Order of the Supreme Court, New York County (Howard Bell, J.), entered June 24, 1986, which denied the People's application to have defendant-respondent adjudicated a second violent felony offender and which sentenced defendant-respondent, after a jury finding of guilt of robbery in the second degree, as a first felony offender to a term of imprisonment of from two to six years, is unanimously reversed, on the law, defendant-respondent's sentence vacated and the matter remitted to the Supreme Court, New York County, to have defendant-respondent resentenced as a second violent felony offender.

On May 27, 1986, defendant was found guilty, following a jury trial, of robbery in the second degree. Prior to sentence being imposed, the People filed a predicate violent felony statement, alleging that on November 10, 1981, defendant had been convicted, after a plea of guilty, of robbery in the second degree, a violent felony. Defendant moved to controvert the predicate felony statement, challenging the constitutionality of the plea of guilty on the ground that it was improperly accepted without defendant's admission of such facts as would constitute the crime of robbery in the second degree. We agree with the People's position that the sentencing court erred in denying the application for second violent felony status and in determining that defendant had satisfied his burden of proving that he did not knowingly and intelligently enter a plea to robbery in the second degree.

When the People move to have a defendant adjudicated a second violent felony offender, they have the burden of establishing beyond a reasonable doubt and by competent evidence that defendant has been convicted of a predicate violent felony, as that term is defined in P.L. § 70.04, subd. (1), par. (b). [CPL § 400.15, subd. (7), par. (a) ]. Once the conviction is established, it is then the defendant's burden to allege and prove facts to support the claim that the conviction was unconstitutionally obtained. [CPL § 400.15, subd. (7), par. (b); People v. Harris, 61 N.Y.2d 9, 15, 471 N.Y.S.2d 61, 459 N.E.2d 170]. Under the particular facts of this case, where defendant's claim of unconstitutionality rests solely on the failure of the court which accepted the plea to inquire as to the element of force in setting forth the underlying facts to the robbery, we hold that the defendant failed to meet his burden of proving that the plea was thereby rendered unconstitutional.
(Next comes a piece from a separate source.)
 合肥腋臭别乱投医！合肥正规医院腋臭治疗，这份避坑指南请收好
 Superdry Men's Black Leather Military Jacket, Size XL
In so holding, however, we hasten to reaffirm certain general principles concerning pleas of guilty. A plea of guilty satisfies due process constitutional requirements when it is entered voluntarily and intelligently, and such must be affirmatively disclosed in the record. Brady v. United States, 397 U.S. 742, 747 n. 4, 90 S.Ct. 1463, 1468 n. 4, 25 L.Ed.2d 747; Boykin v. Alabama, 395 U.S. 238, 242, 89 S.Ct. 1709, 1711-12, 23 L.Ed.2d 274. A plea will be held to be constitutionally flawed, either because defendant does not understand the nature of the constitutional protections he is waiving, or, as is the claim here, "because he has such an incomplete understanding of the charge that his plea cannot stand as an intelligent admission of guilt." Henderson v. Morgan, 426 U.S. 637, 645 n. 13, 96 S.Ct. 2253, 2257 n. 13, 49 L.Ed.2d 108; see also Marshall v. Lonberger, 459 U.S. 422, 436, 103 S.Ct. 843, 851-52, 74 L.Ed.2d 646; Smith v. O'Grady, 312 U.S. 329, 334, 61 S.Ct. 572, 574, 85 L.Ed. 859.
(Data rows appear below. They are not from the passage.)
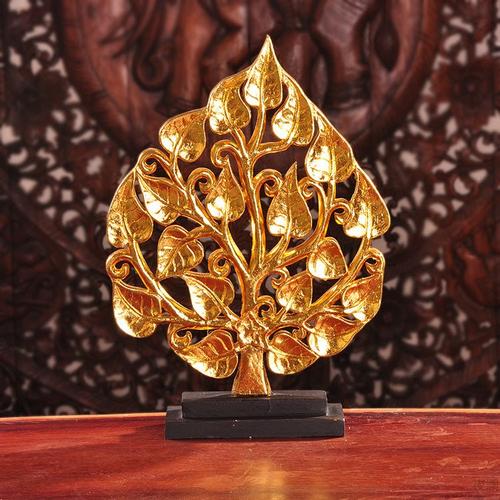 东南亚实木工艺品家居金色菩提树桌面摆件客厅柜台摆设装饰金色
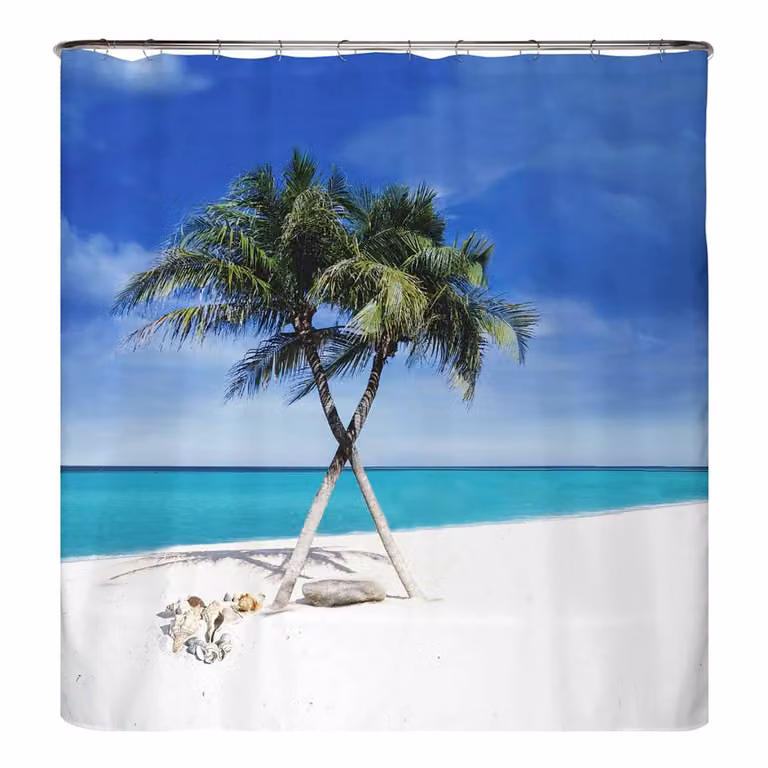 home24 Antischimmel douchegordijn Strand microvezel blauw meerkleurig B: 180 cm, H: 200 cm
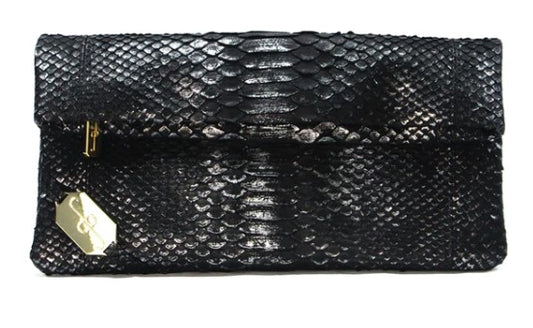 FOLD CLUTCH - PYTHON BLACK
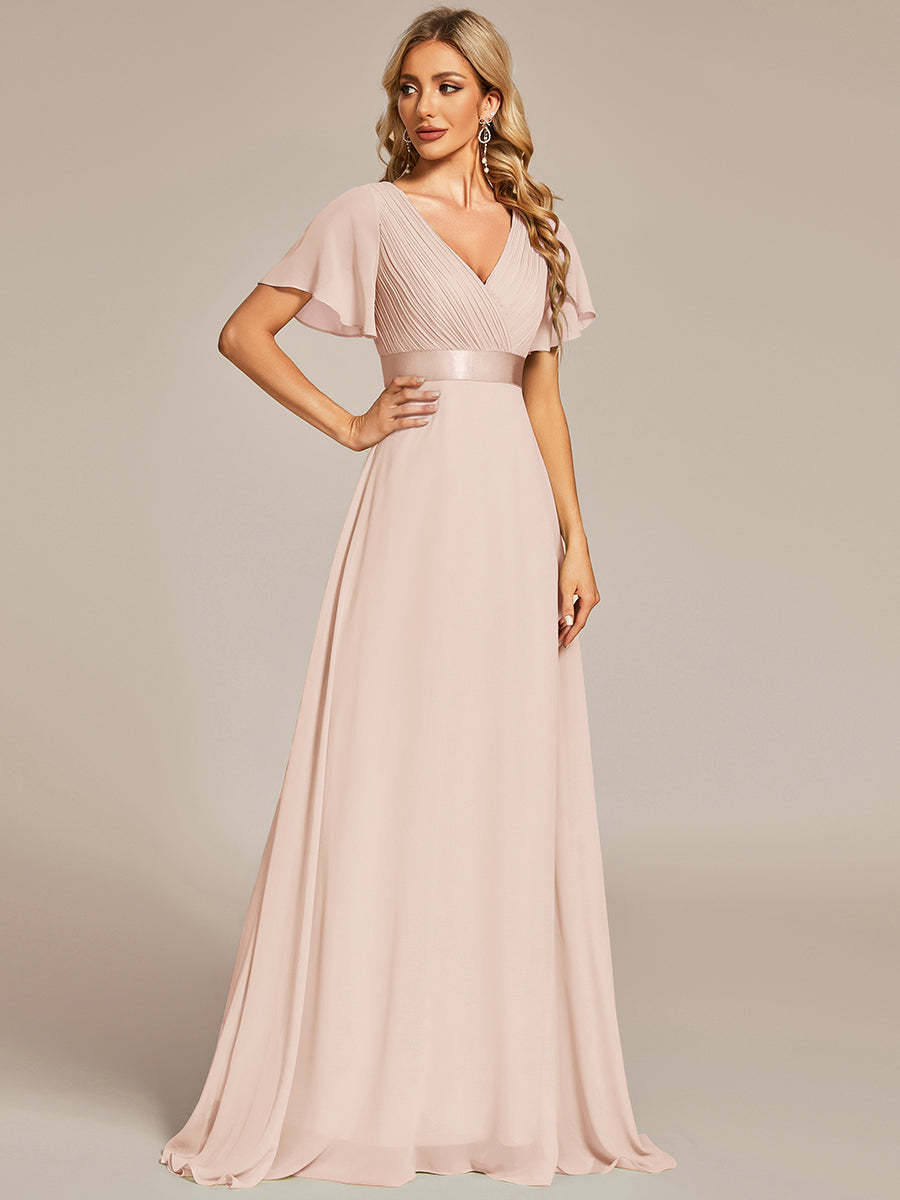 Simple Empire Waist Flowing Sleeves Evening Dress #Blush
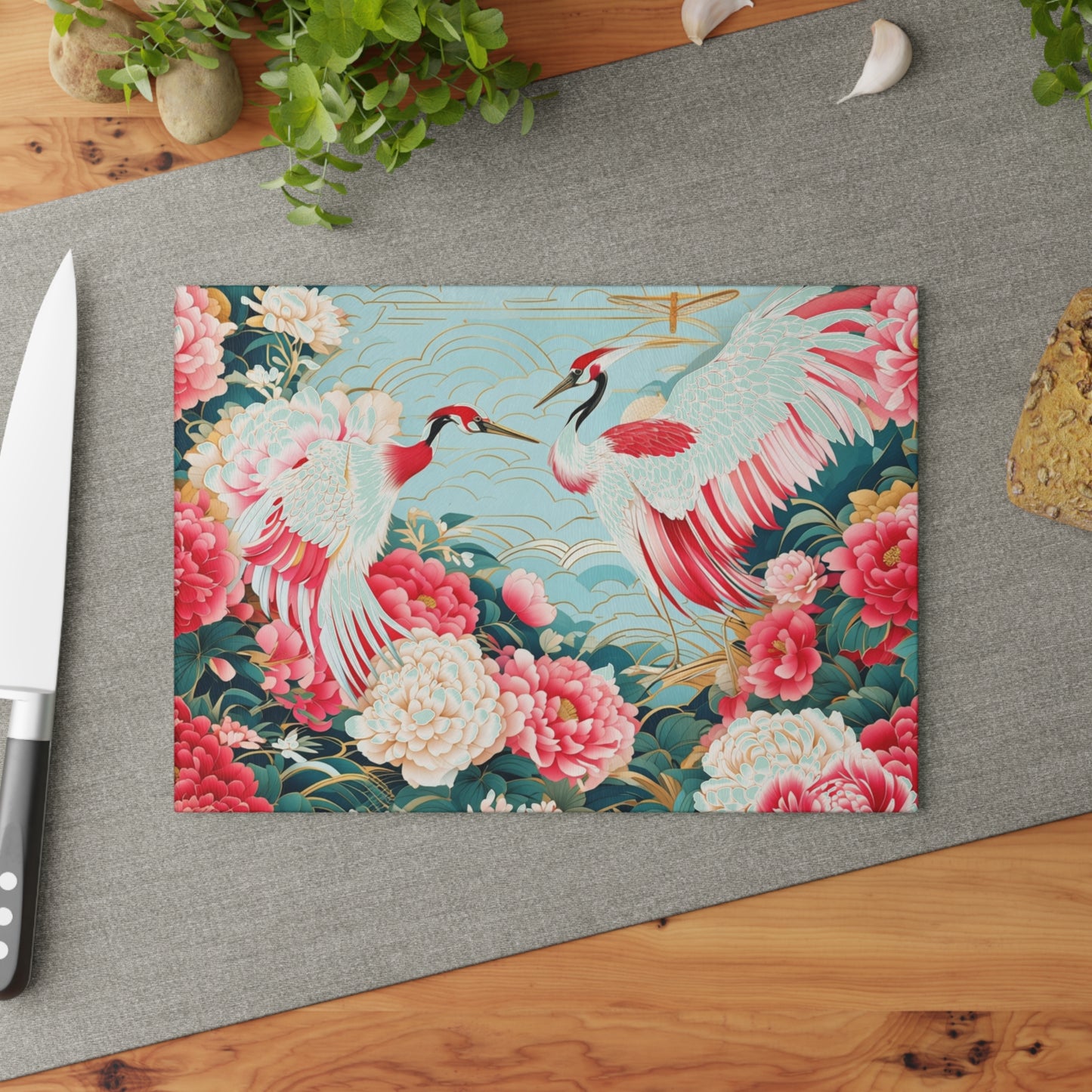 Glass Cutting Board — Elegant Cranes & Peonies Floral Kitchen Trivet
Similarly, while the Court of Appeals, in People v. Nixon, 21 N.Y.2d 338, 353, 287 N.Y.S.2d 659, 234 N.E.2d 687, held that no "uniform mandatory catechism of pleading defendants should be required," the Nixon court also declared that it would not be "tolerable for the State to punish its members over protestations of innocence if there be doubt as to their guilt, or if they be unaware of their rights, or if they have not had opportunity to make a voluntary and rational decision with proper advice in pleading guilty." Id. at 354, 287 N.Y.S.2d 659, 234 N.E.2d 687. The court went on to suggest a number of factors which, besides the defendant's own admissions on the record, a court could consider to assist it in determining...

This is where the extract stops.